Please excuse me - I'm not sure we are disagreeing exactly - I hoped to warn you off some unhelpful ways of talking.
s0ft said:
So you mean to say that even if the given interval of time is long 'enough', we still cannot be sure that life starts?
No - I am saying that the word "enough" here is meaningless without some statement of how much time is "enough".
If the universe still has a lot to teach us, that can only further justify my point that anything that can happen will, eventually happen.
It does not mean that anything at all can happen or even that all events that are possible are certain to occur sometime, somewhere.
Some events can exclude other events for instance.

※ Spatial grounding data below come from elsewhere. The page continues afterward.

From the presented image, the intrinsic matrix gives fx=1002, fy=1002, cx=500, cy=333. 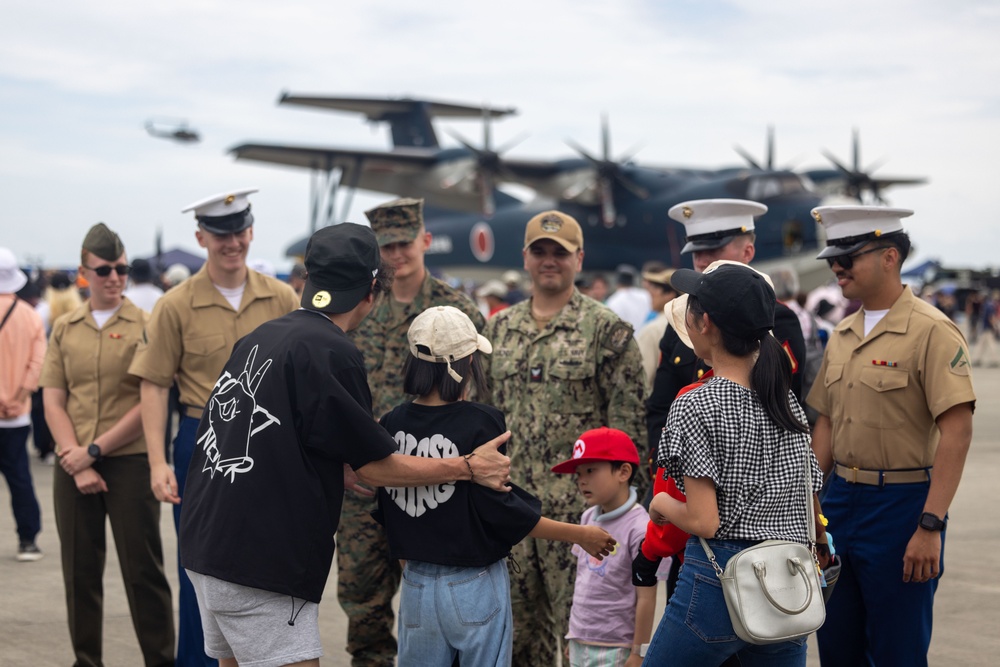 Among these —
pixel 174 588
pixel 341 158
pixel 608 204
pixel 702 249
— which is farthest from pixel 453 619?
pixel 341 158

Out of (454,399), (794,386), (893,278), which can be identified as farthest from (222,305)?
(893,278)

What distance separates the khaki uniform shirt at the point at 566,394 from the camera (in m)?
4.09

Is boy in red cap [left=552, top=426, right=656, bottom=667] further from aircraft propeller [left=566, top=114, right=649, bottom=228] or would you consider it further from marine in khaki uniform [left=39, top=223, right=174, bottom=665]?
aircraft propeller [left=566, top=114, right=649, bottom=228]

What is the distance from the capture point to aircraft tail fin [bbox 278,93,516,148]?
33094 mm

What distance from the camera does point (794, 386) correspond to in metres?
3.52

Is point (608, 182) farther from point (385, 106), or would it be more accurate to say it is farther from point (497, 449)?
point (497, 449)

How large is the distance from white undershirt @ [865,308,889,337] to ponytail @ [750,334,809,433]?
3.91 ft

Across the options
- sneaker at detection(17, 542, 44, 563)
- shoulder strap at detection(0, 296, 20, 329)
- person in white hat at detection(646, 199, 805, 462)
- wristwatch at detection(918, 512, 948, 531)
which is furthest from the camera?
shoulder strap at detection(0, 296, 20, 329)

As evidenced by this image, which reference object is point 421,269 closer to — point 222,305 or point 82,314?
point 222,305

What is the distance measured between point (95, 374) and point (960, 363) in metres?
3.65

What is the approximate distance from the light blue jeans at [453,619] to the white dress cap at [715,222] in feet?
5.31

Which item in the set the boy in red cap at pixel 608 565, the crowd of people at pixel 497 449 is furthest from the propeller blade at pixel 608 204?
the boy in red cap at pixel 608 565

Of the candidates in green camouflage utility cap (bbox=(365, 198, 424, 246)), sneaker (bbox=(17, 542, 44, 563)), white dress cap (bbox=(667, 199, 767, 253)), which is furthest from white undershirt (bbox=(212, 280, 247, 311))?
sneaker (bbox=(17, 542, 44, 563))

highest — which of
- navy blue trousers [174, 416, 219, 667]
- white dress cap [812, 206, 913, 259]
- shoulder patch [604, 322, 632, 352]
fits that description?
white dress cap [812, 206, 913, 259] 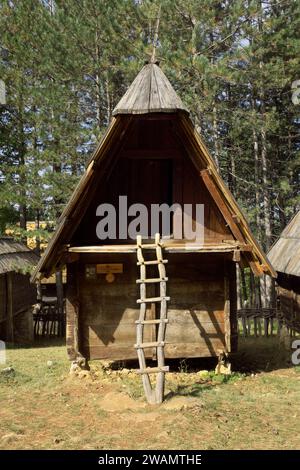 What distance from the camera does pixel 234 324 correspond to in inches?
391

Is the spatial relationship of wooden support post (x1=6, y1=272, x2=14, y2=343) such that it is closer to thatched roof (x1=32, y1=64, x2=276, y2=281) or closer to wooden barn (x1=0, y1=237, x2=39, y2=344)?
wooden barn (x1=0, y1=237, x2=39, y2=344)

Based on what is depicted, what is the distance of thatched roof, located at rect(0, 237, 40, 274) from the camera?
1633 centimetres

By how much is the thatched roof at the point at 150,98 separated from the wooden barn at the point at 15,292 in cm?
907

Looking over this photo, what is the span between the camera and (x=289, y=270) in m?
12.1

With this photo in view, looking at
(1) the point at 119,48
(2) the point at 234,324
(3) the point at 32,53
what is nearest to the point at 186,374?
(2) the point at 234,324

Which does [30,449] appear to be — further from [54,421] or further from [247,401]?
[247,401]

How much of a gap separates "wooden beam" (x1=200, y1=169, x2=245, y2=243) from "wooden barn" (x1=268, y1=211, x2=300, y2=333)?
323 cm

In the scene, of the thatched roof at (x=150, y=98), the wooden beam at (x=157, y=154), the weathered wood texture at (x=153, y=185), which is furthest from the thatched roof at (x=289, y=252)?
the thatched roof at (x=150, y=98)

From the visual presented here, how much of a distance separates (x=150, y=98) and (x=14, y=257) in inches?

But it does mean that we can expect events which we intuitively feel are unlikely to have occurred - our intuitions about what is likely or unlikely are not very helpful here.
And although I don't and didn't ever mean to say that 'this kind of life' or we 'humans' are the purpose of it all, which I think you believe I have faith in, if you say life can be something entirely different than what we observe, that argument adds to the 'favorable cases' for the chances of origin of 'life', no?
Correct me if I got you wrong.
The unhelpful language here was in referring to the sequence of events as the "right" sequence. It is not clear what this means but it is often used to assign some importance to a particular process above others. Don't use it to argue with Creationists for example.
The possibility that there could be other processes elsewhere does, indeed, add to the favorable cases for the origin of life - though we'd have to extend our definition of "life" to include those other processes.
Some people won't want to.
Can we come up with a definition or test for "life" that does not rely on something anthrocentric?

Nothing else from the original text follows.